» **SOURCE DATA**:
####################

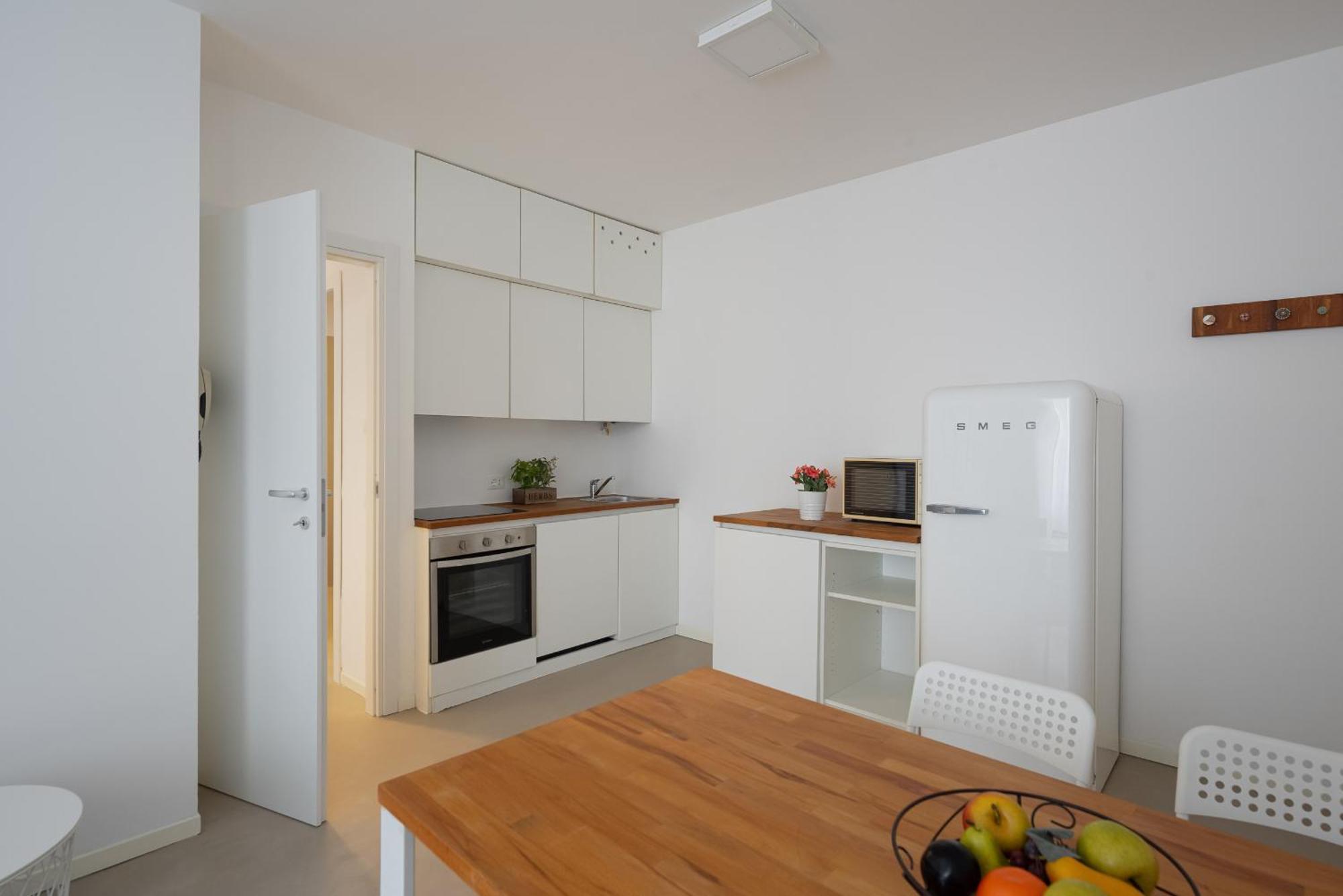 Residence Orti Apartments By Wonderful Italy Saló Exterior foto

####################

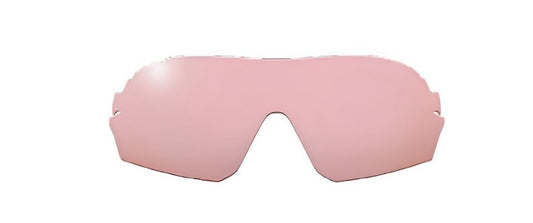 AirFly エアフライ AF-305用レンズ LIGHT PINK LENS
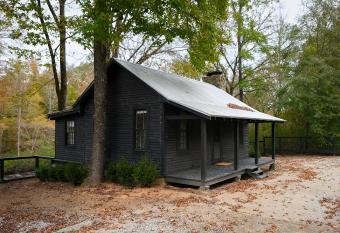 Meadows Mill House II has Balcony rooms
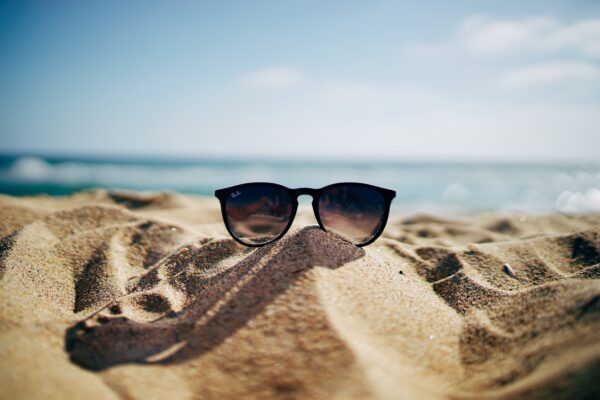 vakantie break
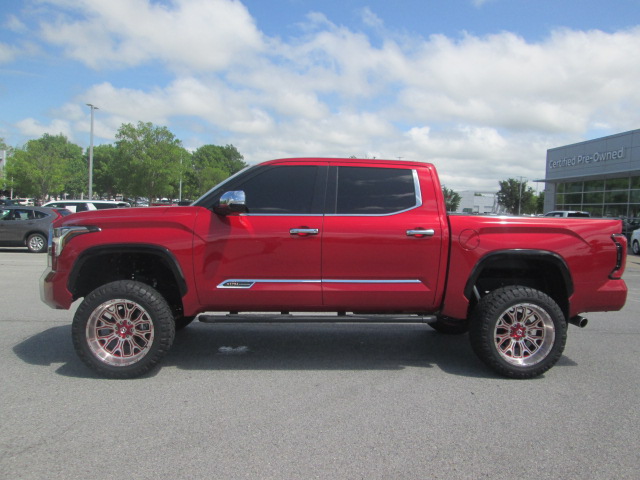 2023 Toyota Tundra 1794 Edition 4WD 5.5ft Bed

####################

» **THE PROBLEM**: Transcribe only the lines above that start at the line containing "Meadows Mill House II has Balcony rooms" and end at the line containing "2023 Toyota Tundra". Omit pictures.

» **ANSWER BELOW**:
 Meadows Mill House II has Balcony rooms
 vakantie break
 2023 Toyota Tundra 1794 Edition 4WD 5.5ft Bed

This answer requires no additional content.